The next section, Lines 11–14, sets up the random number generator and the step heights for both the max
and sqrt
samples. You can specify the seed value for NumPy’s random number generator, which is helpful when you’re editing and debugging code and want to get the same set of values every time you run the script. The seed I used was the time I started writing this code in epoch seconds. I got it from the command line using
date +'%s'
Another advantage of setting the seed is that anyone else who runs the code will get the same plot I got.
Although this code is for 20 samples, Line 12 can be edited to handle any number of samples.
The concatenate
function in Line 14 adds an extra 1 to the end of the heights
variable. I discussed the reason for doing that earlier in the post. It’s of some small value with just 20 samples but not very useful when we get up to 10,000.
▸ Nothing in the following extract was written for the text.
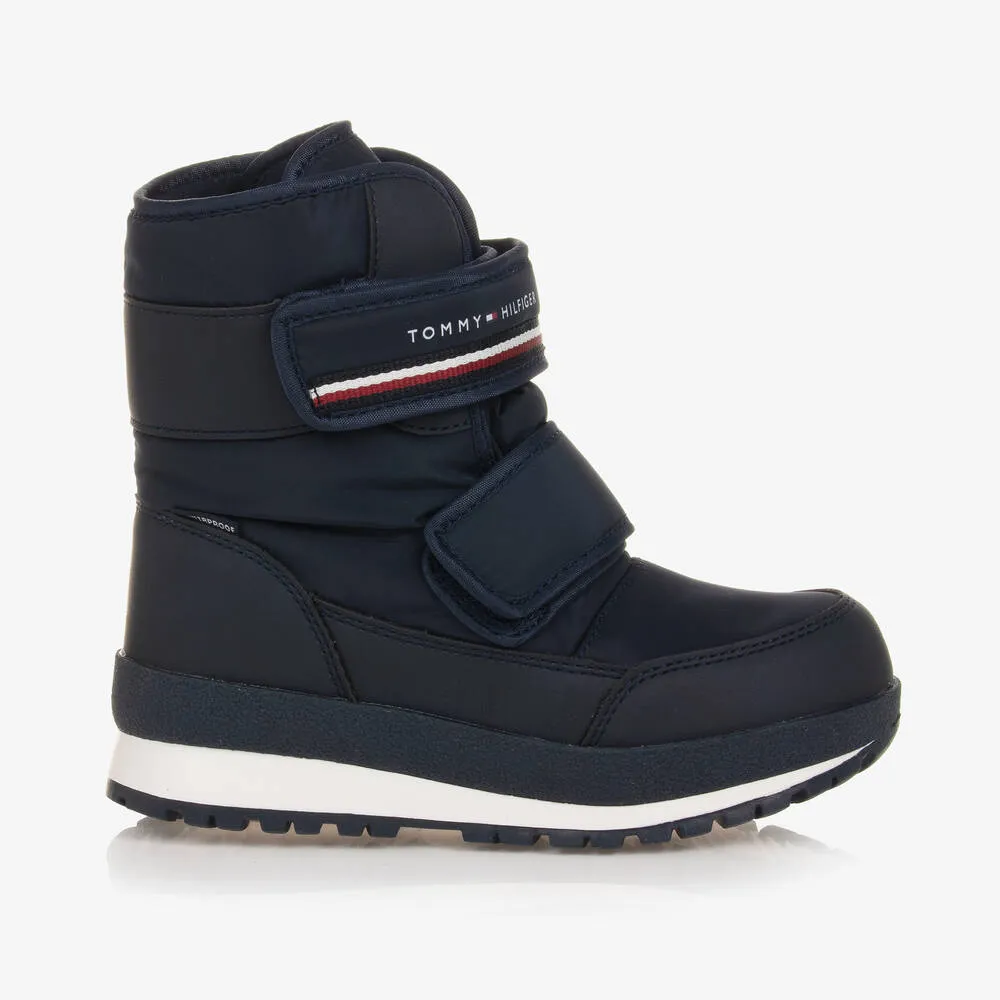 Boys Blue Waterproof Snow Boots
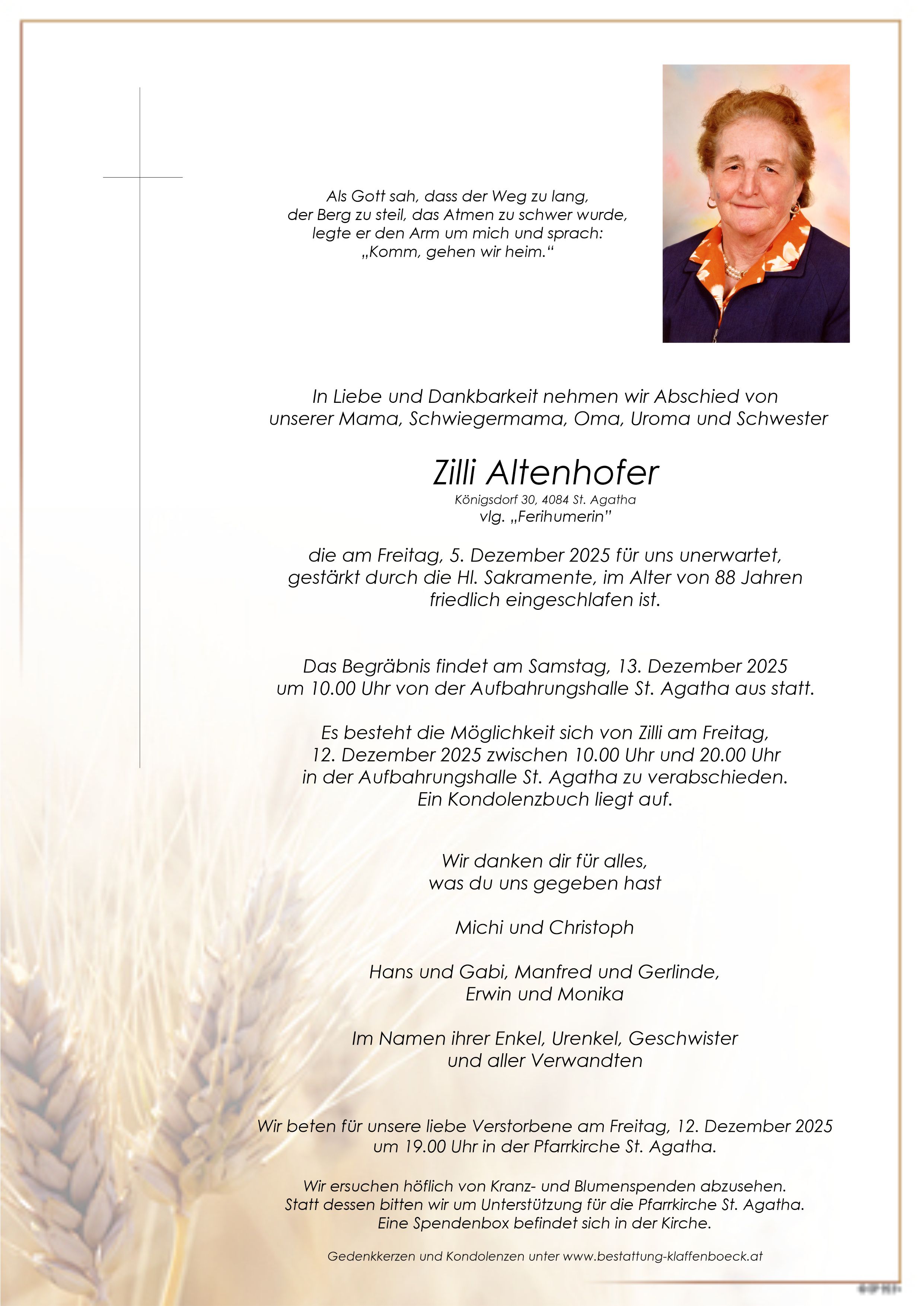 Zäzilia  Altenhofer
Lines 17–20 generate the x values for the max
samples. They generate two sets of random numbers that are uniformly distributed between 0 and 1, get the maximum of each pair, and sort them in ascending order. The concatenate
function was then used to add a 0 at the front of the Xmax
array and a 1 at the end.
Lines 23–25 generate the x values for the sqrt
samples. The process is similar to the max
samples but we need to generate only one set of random numbers.
From this point on, it’s all plotting. The key feature is the use of step
in Lines 31 and 32. The x values (either Xmax
or Xsqrt
) and heights
are passed to step
, and it handles all the plotting. An interesting parameter is where
, which can be assigned either pre
(the default) or post
. The where
parameter dictates whether the horizontal parts of the graph are plotted before or after each given point. Because of the way I set up the various arrays, post
was the correct choice.
I got the color values in Lines 31 and 32 from the ColorBrewer site. They’re meant to be easy to distinguish for both colorblind and non-colorblind viewers. I suspect there’s a way to specify the ColorBrewer colors in Matplotlib automatically, but I haven’t looked into it.
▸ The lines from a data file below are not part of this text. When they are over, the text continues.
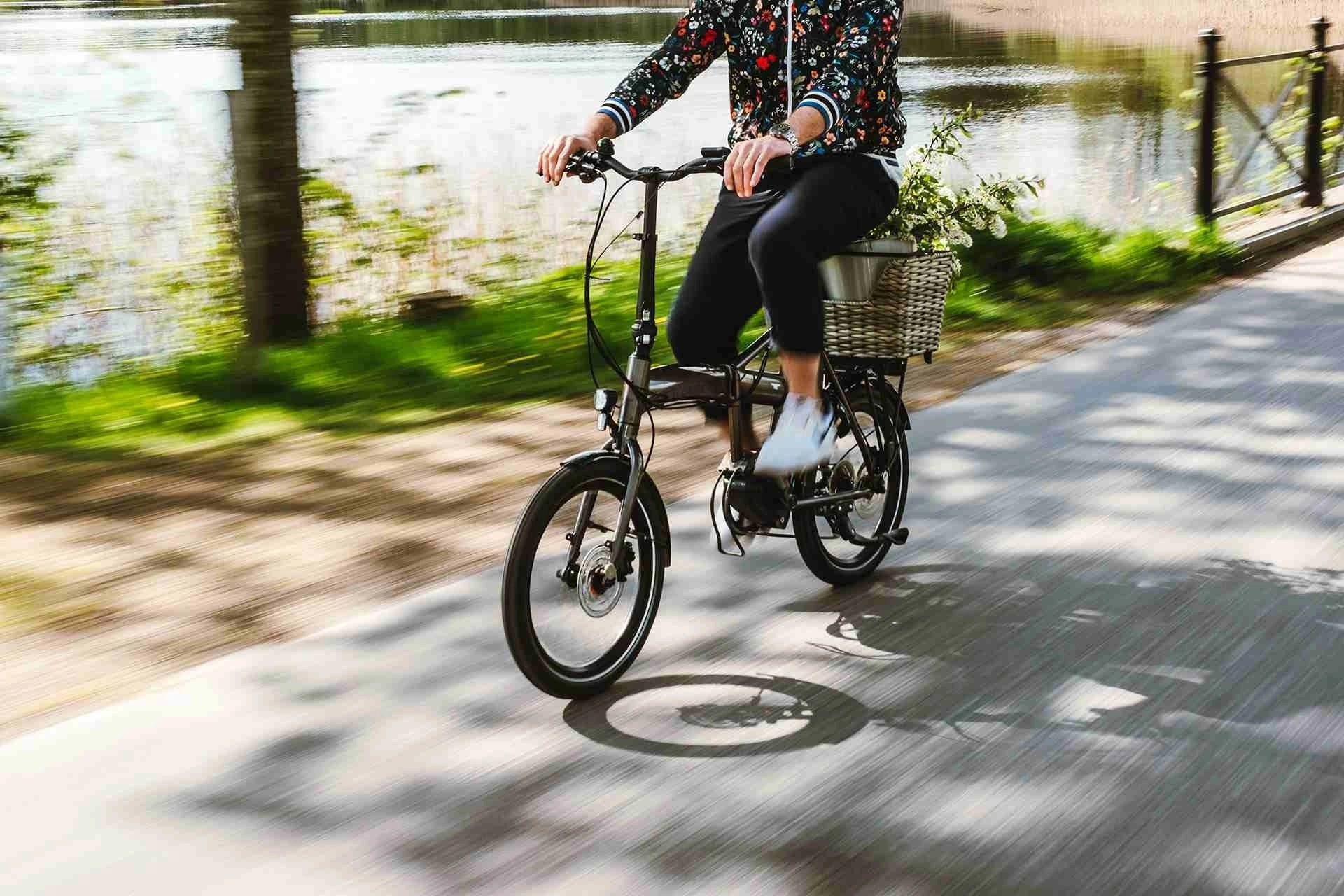 Hopfällbar Elcykel Ecoride Flexer 20 HS Fold M-9 Brun - Bild 6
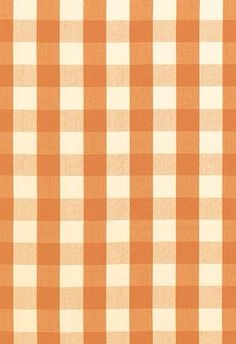 an orange and white checkered fabric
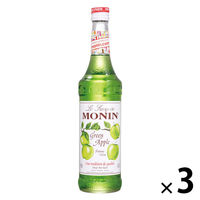 業務用 割り材 モナン グリーンアップル・シロップ 700ml 3本 MONIN 割材 ドリンクベース フレーバーシロップ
The only other interesting part of the code is that Lines 36 and 48 change the title and filename according to the number of samples specified on Line 12.
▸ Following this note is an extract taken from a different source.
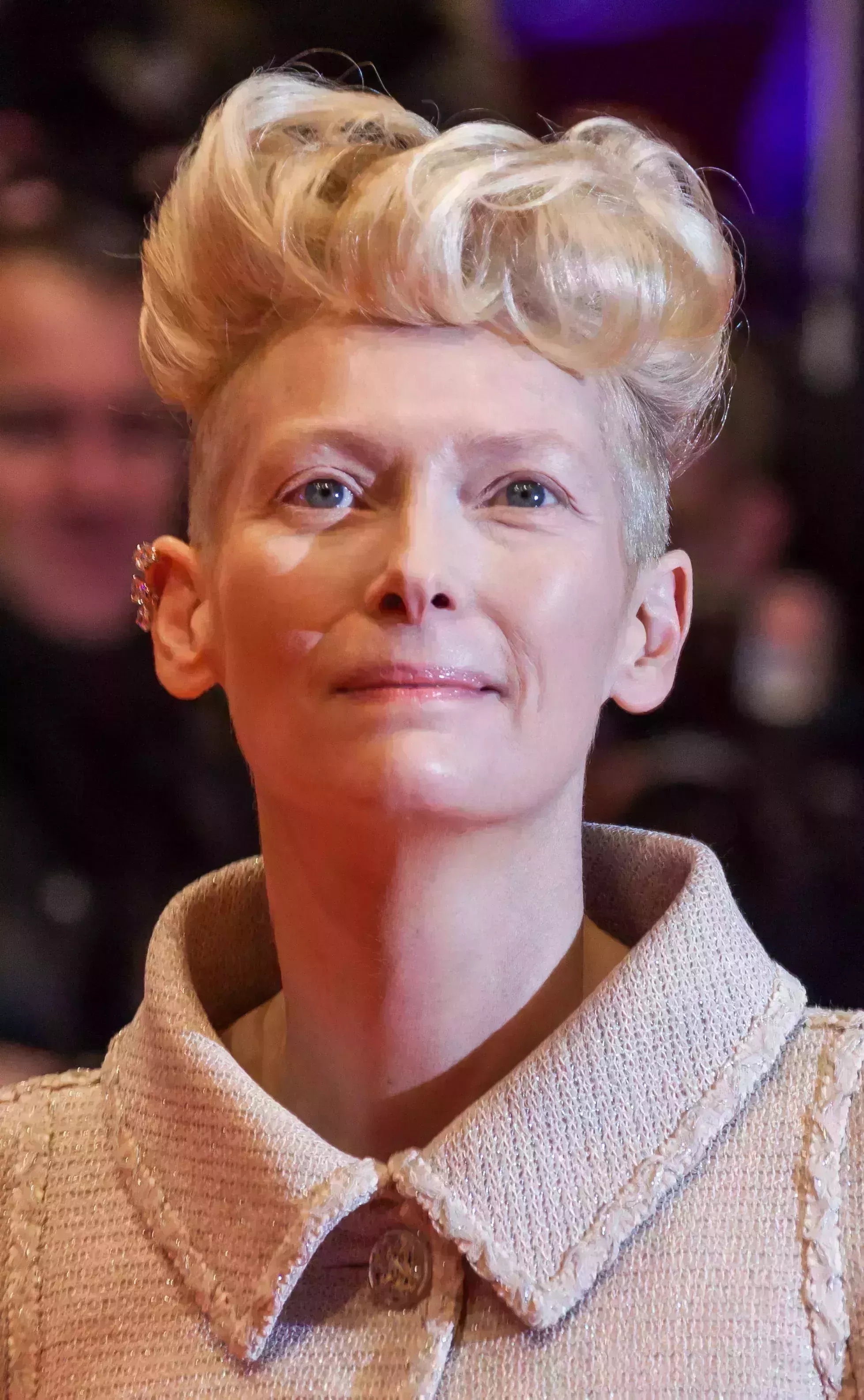 Tilda Swinton’s Blowout and Undercut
As I said, it’s nice to have computers around to check on your analysis. Numerical integration and differentiation, Monte Carlo simulation, and graphing results are all things that can get you results quickly if you teach yourself how to use the software that’s available. These are certainly not proofs, and there’s always the danger of setting up your computer solution incorrectly—it’s easy to follow the same wrong path numerically that you followed analytically. But when done with care, these checks can give you confidence that you may not have with an analytical solution by itself.